Mowing, weeding, and gardening are very time-intensive during the summer months, but even more so this year since we are in the process of moving the location of the main vegetable garden to be closer to our cloister area.

Wooden crucifix in the Sisters’ Refectory
The Blessed Sacrament as seen from one of the upper loft oratories in our chapel

One of the best things about summer is the liturgical Solemnities that are celebrated, including Pentecost, the Most Holy Trinity, Corpus Christi, the Sacred Heart of Jesus, the Nativity of St. John the Baptist, Saints Peter and Paul, Saint Benedict, and the Assumption of Mary. In honor of Corpus Christi, here is a beautiful word about the institution of the Eucharist:

Our Lord raised His hands over the apostles, His lips moved in prayer, and He then said: “Do this in commemoration of me”…

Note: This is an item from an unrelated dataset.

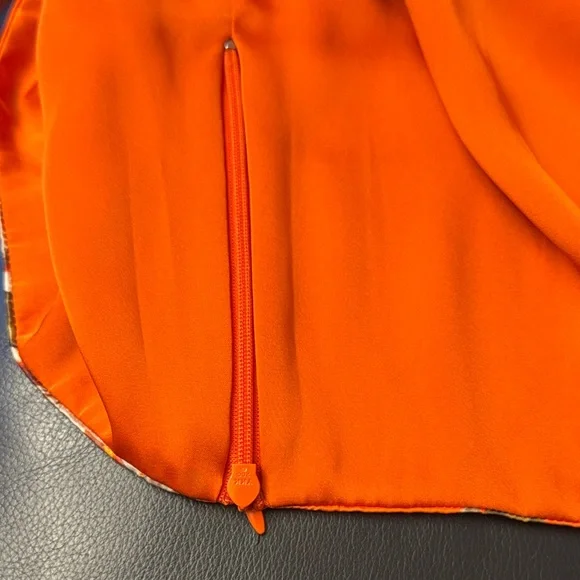 All Saints Alexia Dorada Sleeveless Floral Top, Size 8, Color Orange/Cream/green - Picture 9 of 10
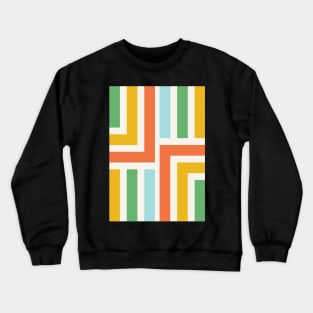 Colorful Rainbow Pattern Crewneck Sweatshirt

By this act Our Lord made possible for all time His stay on earth amongst men, whom He loved to such an excess. And yet He knew with His Divine foresight what that meant for Him. Though He saw that His Body and Blood would be treated with reverence by a multitude of devout souls, yet He realised full well that in many and many an instance in the course of ages He would be placing Himself at the mercy of unworthy and sinful priests who would treat Him with irreverence and sacrilege. He saw in vision all the profanations, outrages and, what was more painful still to His loving heart, the cold indifference that He was to endure…

Love, especially Divine Love, does not halt to calculate and weigh advantage and disadvantage in the balance.

Excerpts from “The Last Supper” by Edward Leen, C.S.Sp.